Tiyatro ve müzik performanslarıyla duygu dolu anlar yaşatan öğrenciler, bir kez daha Atalarının izinde olduklarını gösterdi. “Biz buradayız, sen rahat uyu!” dediler.
“Bizler şimdi ölümsüzlüğünün 78. yılında O’na sahip olmanın onurunu yaşıyoruz ve diliyoruz ki bundan sonraki yıllarda da onu gerçek ilke ve eylemleriyle anlayalım, anlayabilelim, anlatabilelim… O’nun aramızdan ayrılışında henüz doğmayanlara onu anlatmak, yüreklerine ve belleklerine Mustafa Kemal’in “Türkiye’nin yürek atışı“ olduğu gerçeğini benimsetmek biz Atatürk kuşağına düşmez mi? Öyleyse rahat uyu ATAM! Özgür bir ülkede alnı açık, başı dik yaşayabilme onurunu göz ardı edemeyiz. Büyük emanetin olan Türkiye; yüreğimiz, emeğimiz, görevimiz ve başımız üstüne…”
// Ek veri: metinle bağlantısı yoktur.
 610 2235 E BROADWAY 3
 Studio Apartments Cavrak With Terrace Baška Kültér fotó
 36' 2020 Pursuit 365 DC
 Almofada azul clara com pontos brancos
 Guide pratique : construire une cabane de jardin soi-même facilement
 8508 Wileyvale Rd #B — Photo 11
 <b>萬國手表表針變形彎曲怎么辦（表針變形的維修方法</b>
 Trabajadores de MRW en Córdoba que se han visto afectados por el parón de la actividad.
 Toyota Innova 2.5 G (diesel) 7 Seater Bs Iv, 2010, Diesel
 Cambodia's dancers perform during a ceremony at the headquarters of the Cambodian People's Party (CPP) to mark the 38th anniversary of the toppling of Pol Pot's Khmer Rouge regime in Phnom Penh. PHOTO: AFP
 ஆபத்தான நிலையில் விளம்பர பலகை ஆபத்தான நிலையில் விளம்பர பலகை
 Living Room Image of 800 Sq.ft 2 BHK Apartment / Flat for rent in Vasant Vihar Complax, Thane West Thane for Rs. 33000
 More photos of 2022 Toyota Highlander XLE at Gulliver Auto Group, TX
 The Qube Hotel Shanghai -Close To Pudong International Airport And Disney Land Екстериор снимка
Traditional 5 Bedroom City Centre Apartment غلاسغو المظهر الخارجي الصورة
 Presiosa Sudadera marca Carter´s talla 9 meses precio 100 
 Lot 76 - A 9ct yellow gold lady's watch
Darüşşafaka Eğitim Kurumlarının çok sesli korosunun söylediği marşlarla devam eden törende öğrenciler tüm kardeşlerine toplu hâlde şöyle seslendi:
“Bu ülkenin aydınlık Darüşşafakalıları! Atatürk’ün ardından ağlamak için toplanmadık buraya. Zaten O, ardından ağlanmasını değil, düşüncelerinin anlaşılmasını ve Cumhuriyet’e, devrimlere, bağımsızlığa, bütünlüğe, akla, bilime, eğitime ve vatanın her karış toprağına sahip çıkılmasını istedi. Bize düşen budur. O’nu mavi gözlerindeki gülümseyişle anımsa. O’nu kara tahtanın başında bilgiyle kurulacak geleceği anlatırken anımsa. O’nu, 10. Yıl Nutku’nu söylerken anımsa. O’nu Ey Türk Gençliği! diyerek sana seslenirken anımsa. O’nu, yaşadığımız bu günleri kurmak uğruna, sağlığını bile düşünmeksizin yurdunu dolaşmak için çıktığı tren yolculuğunda trenin penceresinden ülkesinin güzelliklerine bakarken anımsa.”